Neo Nazi Group Black Leader

In this Thursday, June 14, 2012 file photo, James Stern of Jackson, Miss., at a news conference in Jackson, Miss. One of the largest and oldest neo-Nazi groups in the U.S. appears to have an unlikely new leader: Stern, a black activist who has vowed to dismantle it.

MORENO VALLEY (AP) — A black activist said he has taken the helm of what has been billed as one of the nation’s largest neo-Nazi groups to put it out of business.

Corporate records show James Stern of Moreno Valley is now pres­ident of the National So­cial­ist Movement. He replaces pre­vi­ous longtime leader Jeff Schoep.

In an interview with The As­so­ciated Press on Friday, Stern said he established a yearslong di­al­ogue with Schoep and convinced the former leader to transfer the organization to him when Schoep said he planned to disband it.

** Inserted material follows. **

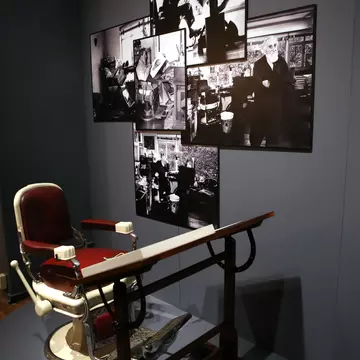 NEW YORK, NY - MAY 20:  The Barber Chair at 'The Hirschfeld Century: The Art of Al Hirschfeld' Exhibit at the New York Historical Society on May 20, 2015 in New York City.  (Photo by Walter McBride/WireImage)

“The National Socialist Move­ment put a poison pill into the truth of history. I think we can put the antidote to make sure that we correct some of those wrongs,” Stern said.

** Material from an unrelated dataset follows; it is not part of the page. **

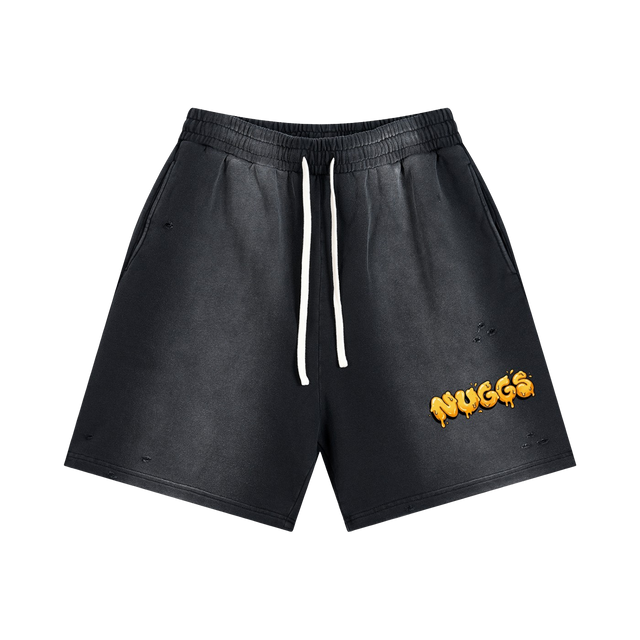 NUGGS DRIP Distressed Shorts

Stern said he prefers to con­trol the group and neuter it rather than see it disband and reconstitute in the shadows.

“If he dissolved the group, all anyone would have to do is take it and reincorporate it and carry on the same shenanigans as it never stopped,” Stern said.

Schoep’s resignation comes as he and the National Socialist Move­ment are among a slew of defendants in a civil lawsuit filed by survivors of a violent 2017 white nationalist rally in Char­lottes­ville, Virginia. Plain­tiffs in that case recently filed a mo­tion accusing Schoep of doing every­thing he could to cause pro­ced­ural delays and duck ac­count­ability for his conduct.

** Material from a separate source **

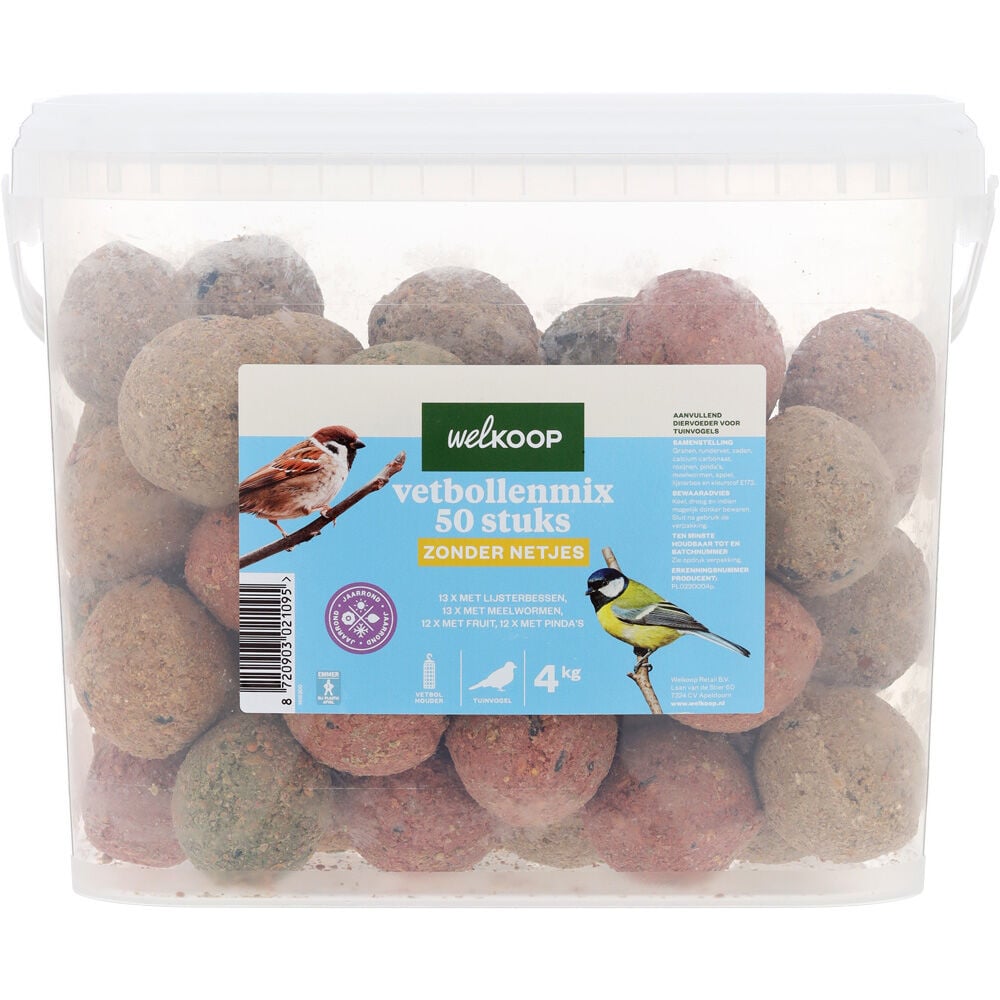 Welkoop - Vetbollenmix zonder netje - in emmer - Tuinvogelvoer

In a phone interview, Schoep said Stern essentially tricked him into transferring leadership. He said Stern suggested that the plain­tiffs would no longer pursue the lawsuit against Schoep and the NSM if Schoep handed over the reins. Schoep said he was pre­par­ing to leave the party lead­er­ship anyway, and agreed to Stern’s proposal as a way to try to re­duce the party’s legal liability.

“He has that piece of paper, but he is absolutely not recognized as the leader of the National So­cial­ist Movement,” Schoep, a Detroit res­ident, said of Stern.

Stern, though, says he can speak for the NSM, and filed his own motion in that case Thurs­day, saying the group now admits its liability in the lawsuit.

“Justice must be served and the truth must be told,” Stern wrote in the motion. “Consequences must be excepted.”